Instructions for the task »
Please reproduce the entries below exactly, starting at the first line and ending with the line that holds "Ganze Wohnung, Moderne".

Data shown »
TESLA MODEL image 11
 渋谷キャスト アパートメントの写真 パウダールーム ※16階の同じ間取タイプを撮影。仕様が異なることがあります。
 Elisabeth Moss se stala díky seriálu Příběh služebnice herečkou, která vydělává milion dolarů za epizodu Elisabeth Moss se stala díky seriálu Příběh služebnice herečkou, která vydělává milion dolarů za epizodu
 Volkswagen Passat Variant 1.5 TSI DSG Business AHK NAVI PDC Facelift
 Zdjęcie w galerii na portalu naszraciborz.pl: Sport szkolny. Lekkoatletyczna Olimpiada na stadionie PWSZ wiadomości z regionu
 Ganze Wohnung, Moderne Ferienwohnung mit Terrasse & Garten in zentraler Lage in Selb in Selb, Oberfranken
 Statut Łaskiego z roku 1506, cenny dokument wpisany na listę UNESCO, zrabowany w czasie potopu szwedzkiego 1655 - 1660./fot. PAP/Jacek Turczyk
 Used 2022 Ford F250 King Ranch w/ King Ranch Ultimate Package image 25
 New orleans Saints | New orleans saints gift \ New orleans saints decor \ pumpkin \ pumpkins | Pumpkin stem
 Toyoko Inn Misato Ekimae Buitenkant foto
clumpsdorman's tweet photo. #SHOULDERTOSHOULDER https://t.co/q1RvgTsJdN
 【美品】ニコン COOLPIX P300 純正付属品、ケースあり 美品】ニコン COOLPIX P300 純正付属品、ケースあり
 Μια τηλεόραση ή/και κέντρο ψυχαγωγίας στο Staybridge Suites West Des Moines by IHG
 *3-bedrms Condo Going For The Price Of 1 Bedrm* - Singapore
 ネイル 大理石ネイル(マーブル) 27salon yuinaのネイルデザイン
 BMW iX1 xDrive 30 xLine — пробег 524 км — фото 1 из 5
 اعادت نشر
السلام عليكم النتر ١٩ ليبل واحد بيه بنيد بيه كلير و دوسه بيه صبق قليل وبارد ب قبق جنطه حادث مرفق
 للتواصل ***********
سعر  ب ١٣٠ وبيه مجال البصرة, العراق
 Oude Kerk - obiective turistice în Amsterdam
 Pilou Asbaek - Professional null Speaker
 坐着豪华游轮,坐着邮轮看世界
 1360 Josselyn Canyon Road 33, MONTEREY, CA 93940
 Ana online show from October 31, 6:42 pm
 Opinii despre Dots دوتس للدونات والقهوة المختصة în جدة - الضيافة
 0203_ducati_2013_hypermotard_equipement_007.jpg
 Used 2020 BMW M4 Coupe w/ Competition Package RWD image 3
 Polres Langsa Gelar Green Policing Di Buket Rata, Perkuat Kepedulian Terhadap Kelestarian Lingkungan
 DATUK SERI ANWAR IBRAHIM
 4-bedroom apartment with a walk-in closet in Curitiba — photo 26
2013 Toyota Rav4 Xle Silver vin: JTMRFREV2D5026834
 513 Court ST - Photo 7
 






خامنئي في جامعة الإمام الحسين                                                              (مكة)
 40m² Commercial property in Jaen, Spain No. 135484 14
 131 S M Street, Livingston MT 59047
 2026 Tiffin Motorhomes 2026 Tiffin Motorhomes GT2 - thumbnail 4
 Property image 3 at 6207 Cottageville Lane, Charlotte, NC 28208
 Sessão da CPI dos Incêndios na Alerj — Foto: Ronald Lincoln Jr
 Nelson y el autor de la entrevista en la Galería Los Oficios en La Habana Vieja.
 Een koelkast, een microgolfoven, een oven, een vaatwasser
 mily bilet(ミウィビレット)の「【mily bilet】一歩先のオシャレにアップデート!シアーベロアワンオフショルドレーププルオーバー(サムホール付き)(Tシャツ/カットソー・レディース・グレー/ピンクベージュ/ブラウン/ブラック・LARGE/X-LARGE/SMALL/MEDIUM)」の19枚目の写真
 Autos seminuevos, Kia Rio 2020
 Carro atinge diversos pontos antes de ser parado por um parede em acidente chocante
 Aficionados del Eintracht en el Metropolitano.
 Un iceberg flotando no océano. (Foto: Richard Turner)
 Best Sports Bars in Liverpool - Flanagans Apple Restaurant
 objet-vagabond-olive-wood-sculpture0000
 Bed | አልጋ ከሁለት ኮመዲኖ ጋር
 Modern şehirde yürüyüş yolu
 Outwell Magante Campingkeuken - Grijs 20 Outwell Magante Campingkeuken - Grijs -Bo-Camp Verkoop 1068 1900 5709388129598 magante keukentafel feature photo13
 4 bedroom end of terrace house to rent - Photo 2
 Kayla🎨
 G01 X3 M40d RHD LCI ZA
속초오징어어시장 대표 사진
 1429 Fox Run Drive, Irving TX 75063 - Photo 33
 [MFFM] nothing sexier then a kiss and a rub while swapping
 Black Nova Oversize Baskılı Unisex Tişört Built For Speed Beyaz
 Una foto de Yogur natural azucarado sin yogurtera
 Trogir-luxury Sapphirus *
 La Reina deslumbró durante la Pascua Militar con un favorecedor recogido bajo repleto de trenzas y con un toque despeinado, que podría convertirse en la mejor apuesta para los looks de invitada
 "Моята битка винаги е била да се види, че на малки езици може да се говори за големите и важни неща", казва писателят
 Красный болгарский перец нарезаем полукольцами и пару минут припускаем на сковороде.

Answer to the exercise »
TESLA MODEL image 11
 渋谷キャスト アパートメントの写真 パウダールーム ※16階の同じ間取タイプを撮影。仕様が異なることがあります。
 Elisabeth Moss se stala díky seriálu Příběh služebnice herečkou, která vydělává milion dolarů za epizodu Elisabeth Moss se stala díky seriálu Příběh služebnice herečkou, která vydělává milion dolarů za epizodu
 Volkswagen Passat Variant 1.5 TSI DSG Business AHK NAVI PDC Facelift
 Zdjęcie w galerii na portalu naszraciborz.pl: Sport szkolny. Lekkoatletyczna Olimpiada na stadionie PWSZ wiadomości z regionu
 Ganze Wohnung, Moderne Ferienwohnung mit Terrasse & Garten in zentraler Lage in Selb in Selb, Oberfranken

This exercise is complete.